In 2015, the Content Marketing Institute discovered that despite 76% of B2C marketers reporting that they used content marketing, only 37% said their strategy was effective. And the story was no different for B2B marketers, with less than half (44%) claiming they had no clarity in what effective content marketing looks like. This was not ideal, considering successful content marketing is the gateway to high levels of consumer engagement; something which the Content Marketing Institute claim was cited the most (91%) by businesses talking about their goals.
With this in mind, this blog post focuses on the effectiveness of the Content Funnel; a five-stage concept which will help you to deliver the right level of content at the right time to prospective customers, who, if all goes to plan, will turn into loyal customers. Here’s how it works… (and for the purpose of demonstration, let’s call our prospective customer Dave.)
Step one: getting potential customers ‘on the radar’
Step one is all about AWARENESS.
Dave is interested in buying a brand-new TV. Having gained a general idea about the features he wants, he’s landed on your website. Determined not to miss out on your latest deals, Dave subscribes to your mailing list and likes your Facebook page.
That’s it, you’ve got him – stage one is complete.
Step one content:
Once a prospective customer is on your radar, it’s time to create content that feeds the spark and continues to engage the customer without forcing a sale (that’ll come naturally later).
Warm welcome emails work well if they include lots of calls to actions, or perhaps you could extend a special offer across social media.
Step two: The ‘toying with the idea’ phase
Step two is the CONSIDERATION stage.
Dave has found the perfect TV on your website but it’s expensive; can he justify exceeding his budget for a few extra features and screen inches?
Luckily for you, Dave has been actively trying to learn more about your business and has concluded that you are a trustworthy brand which clearly knows its stuff.
Step two content:
The reason Dave concludes you’re clued up about the TV industry is because of your Q&A pages, blog posts, product highlight videos and detailed product descriptions.
When your customer hits step two, this is the ideal time to consider voucher codes and offers, as long as you’re not overdoing it and coming across too forceful.
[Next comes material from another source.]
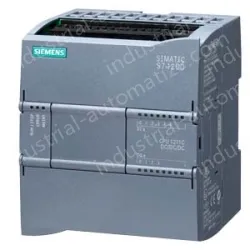 6ES7211-1AE40-0XB0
It’s also a really good time to think about customer reviews and how best to use them – in many cases it’s simply about giving potential customers access to all customer reviews, and making sure you’re responding to them in a manner that’s on brand.
Step three: ‘The moment of truth’
Step three is the DECISION.
Dave has used the information he’s gathered in the first two stages of his journey to decide that, indeed, it is the TV he’d like to purchase.
Step three content:
Although you’ve successfully gained a new customer, your content shouldn’t stop providing value after the purchase is made.
Instead, you should use content to help your new customer get the most out of their new product/service e.g. through case studies, ‘how-to’ videos, testimonials and best practice guides etc.
Step four: ‘Make it or break it’
Step four is known as the POST-PURCHASE stage.
It’s been a few weeks since Dave’s purchase but he still regularly checks your social media pages and reads your email newsletters. When he was reading through your latest posts, he spotted a DVD player which he would like to purchase.
Thanks to engaging in regular content, Dave isn’t considered a ‘one-time purchaser’, he’s in fact turned into a frequent customer or repeat buyer.
Step four content:
The post-purchase stage is the vital opportunity to connect with your audience and keep them interested in your brand. It’s all about becoming a resource in your marketplace through leadership pieces, newsletters, webinars and frequent social media posts, so that consumers stay engaged and in turn make more purchases from your brand.
Step five: Rekindle!
Step five is when the dreaded DORMANCY occurs.
Time has passed and Dave has lost touch with your brand. The emails are no longer of interest and have sometimes made their way into Dave’s spam folder. You’re no longer top of Dave’s mind when it comes to electronic goods.
This situation is far from ideal – especially since you were so successful in engaging with Dave in the right ways throughout the previous four stages; it’s time to win him back!
Step five content:
To rekindle with previous customers, you need to examine your buyers’ preferences and purchasing behaviours to review any changes. It’s then time to reword, restructure or revitalise your content to ensure you’re offering new value.
Make sure your content is current and relatable and then it’s time to begin the whole cycle again with brand-new prospective customers. Now you now the steps, getting cracking on your content planning.